- IATA: none; ICAO: KORB; FAA LID: ORB;

Summary
- Airport type: Public
- Owner: City of Orr
- Serves: Orr, Minnesota
- Location: Leiding Township, St. Louis County, Minnesota
- Elevation AMSL: 1,311 ft / 400 m
- Coordinates: 48°00′57″N 092°51′22″W﻿ / ﻿48.01583°N 92.85611°W

Map
- ORB Location of airport in Minnesota / United StatesORBORB (the United States)

Runways
| Direction | Length |  | Surface |
| ft | m |
| 13/31 | 4,000 | 1,220 | Asphalt |

Statistics
- Aircraft operations (2014): 2,500
- Based aircraft (2017): 10
- Sources: Minnesota DOT, FAA

= Orr Regional Airport =

Orr Regional Airport is a city-owned public-use airport located three nautical miles (6 km) southwest of the central business district of Orr, a city in Saint Louis County, Minnesota, United States.

Although most U.S. airports use the same three-letter location identifier for the FAA and IATA, this airport is assigned ORB by the FAA but has no designation from the IATA (which assigned ORB to Örebro Airport in Örebro, Sweden).

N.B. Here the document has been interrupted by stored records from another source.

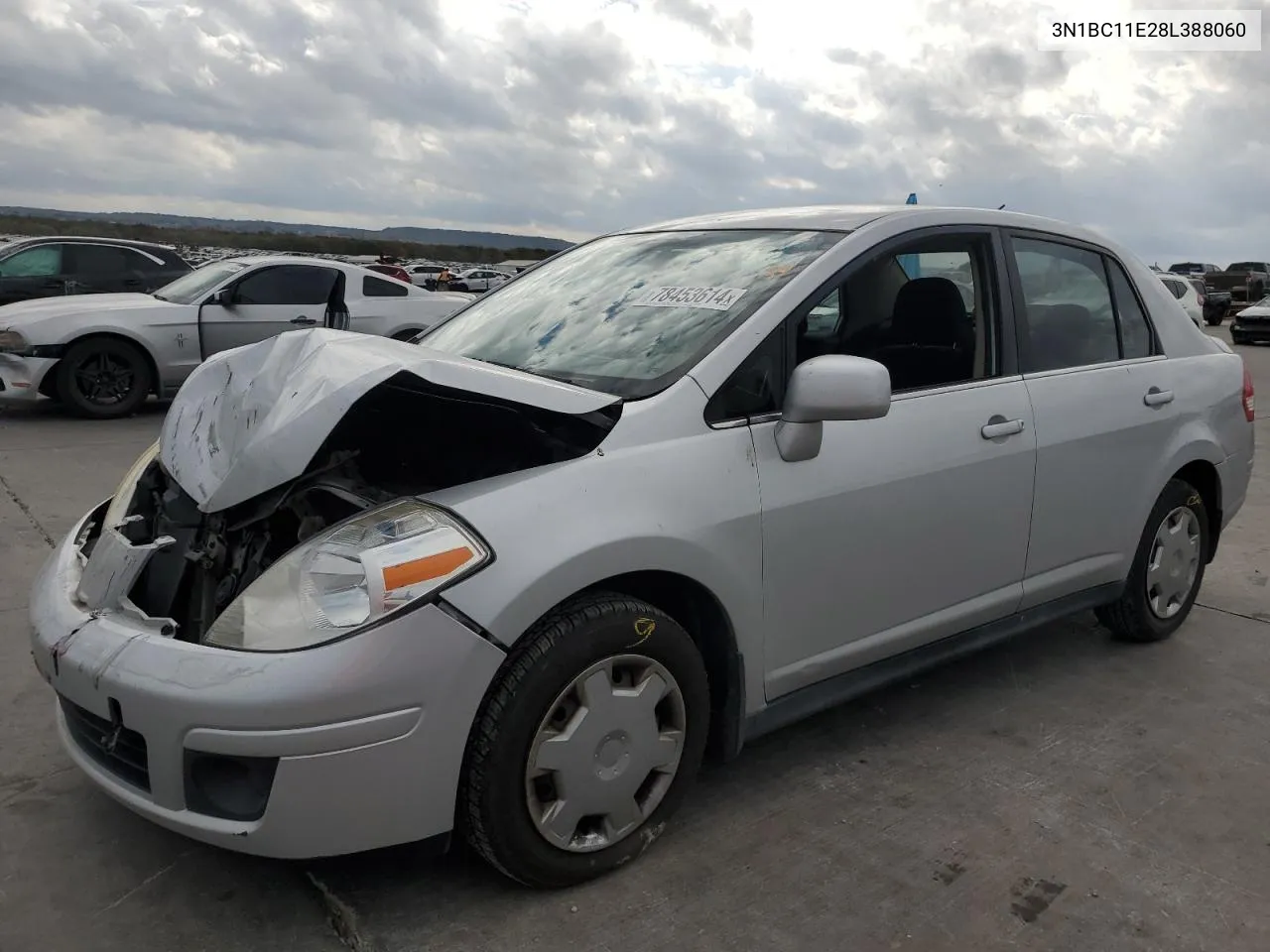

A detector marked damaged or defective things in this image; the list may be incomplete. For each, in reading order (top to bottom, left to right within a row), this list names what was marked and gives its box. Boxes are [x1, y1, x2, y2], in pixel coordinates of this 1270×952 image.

crumpled hood [0, 294, 184, 339]
bumper damage [30, 502, 506, 861]
crumpled hood [161, 327, 619, 512]
wrecked vehicle [27, 204, 1254, 889]
damaged silver car [27, 204, 1254, 889]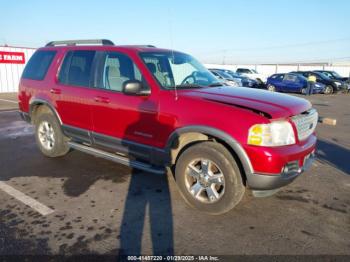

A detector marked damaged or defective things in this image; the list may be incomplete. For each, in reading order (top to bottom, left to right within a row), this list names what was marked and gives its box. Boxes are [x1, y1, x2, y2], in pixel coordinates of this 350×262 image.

dented hood [180, 86, 312, 118]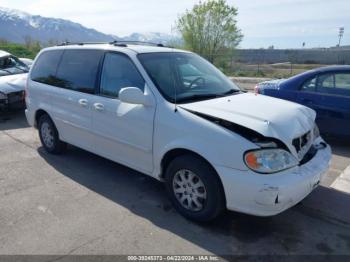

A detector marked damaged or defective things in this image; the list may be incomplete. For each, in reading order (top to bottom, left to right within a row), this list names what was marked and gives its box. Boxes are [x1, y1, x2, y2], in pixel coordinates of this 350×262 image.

broken headlight [243, 148, 298, 175]
damaged front bumper [216, 136, 330, 216]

== Facilities and aircraft ==
Orr Regional Airport covers an area of 332 acre at an elevation of 1,311 feet (400 m) above mean sea level. It has one runway designated 13/31 with an asphalt surface measuring 4,000 by 75 feet (1,220 x 23 m).

For the 12-month period ending May 31, 2014, the airport had 2,500 general aviation aircraft operations; an average of 208 per month. In March 2017, there were 10 aircraft based at this airport; all 10 single-engine.